亘理は、妻と別れた野菜農家の冨永芳樹(高橋努)や、添加物に反応する自分のアトピーを克服するため自ら無農薬作物を作っている石村甲介(マキタスポーツ)、脱サラして羊の酪農を営む若い神戸陽太郎(岡田将生)、イカ釣り漁師の野添隆史(石崎ひゅーい)らと仲よく暮らし、彼らの作物に感激した有名シェフ朝田一行(眞島秀和)も仲間に加わり、彼らの作った素材を生かした料理をふるまうレストランを開くことを計画。ところが大谷が持病の悪化で亡くなってしまい、看護師の妻(安藤玉恵)を持つ甲介が大谷の病状を隠していたことから芳樹との関係が悪化。大谷のチーズ作りを体得できなかった亘理はチーズ作りをやめると言い出す。芳樹は亘理の逃げ腰の態度に激怒するが、全てを決める前に大谷のチーズ工房を見てみろと亘理に告げる。そこには、注文生産のみをしていた大谷が唯一残していた古いチーズがあった。そのチーズには、10年前、父を継いだ亘理が初めて大谷に牛乳を納入した日付が書かれていた。それは大谷が亘理に託したチーズだったのだ。亘理はそのチーズを口にし、そのおいしさに涙する。亘理はあらためて、大谷のチーズではなく自分のチーズを追い求めることを心に誓う。こうして彼らのレストランはオープン。大谷の妻、佐弥子(風吹ジュン)をはじめ、招待客達はその味に感動する。亘理とこと絵は満足そうに微笑むのだった。

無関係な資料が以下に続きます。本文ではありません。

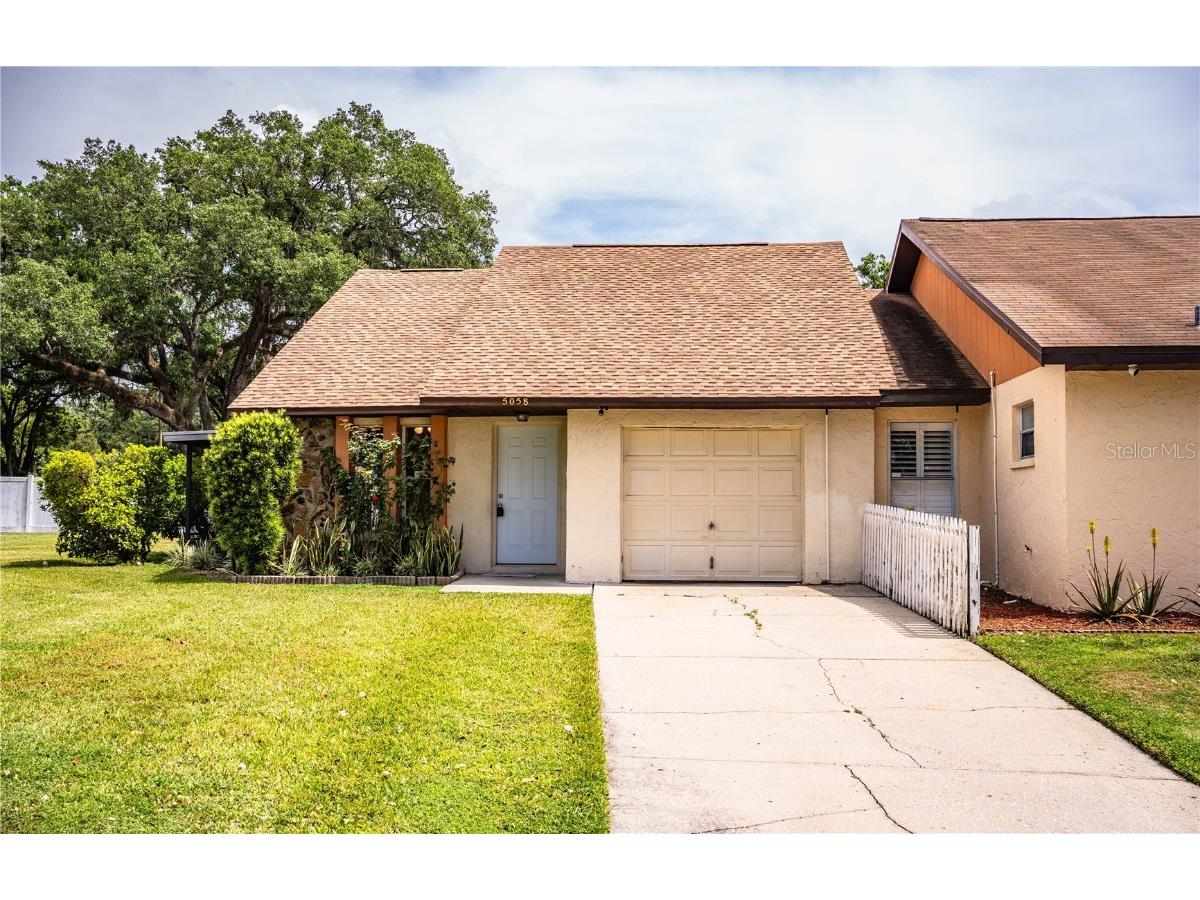 5058 Cimarron Drive Lakeland FL 33813 L4949679 image1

ほのぼのとした作品。中盤は人の死やら友人同士の喧嘩やらで少々どろどろするが、陽太郎が道化役になったり、こと絵が慰め役になったりして、全体的には涙を誘う静かな感動作に仕上がっている。UFOを呼ぶくだりが必要だったのかは、今ひとつ判然とはしなかったのと、レストランで料理をふるまうときに、農家一人一人が口上を述べるシーンはちょっとベタすぎて、もう少ししゃれた演出があってもよかったかなと感じた。マキタスポーツが意外とはまり役だった。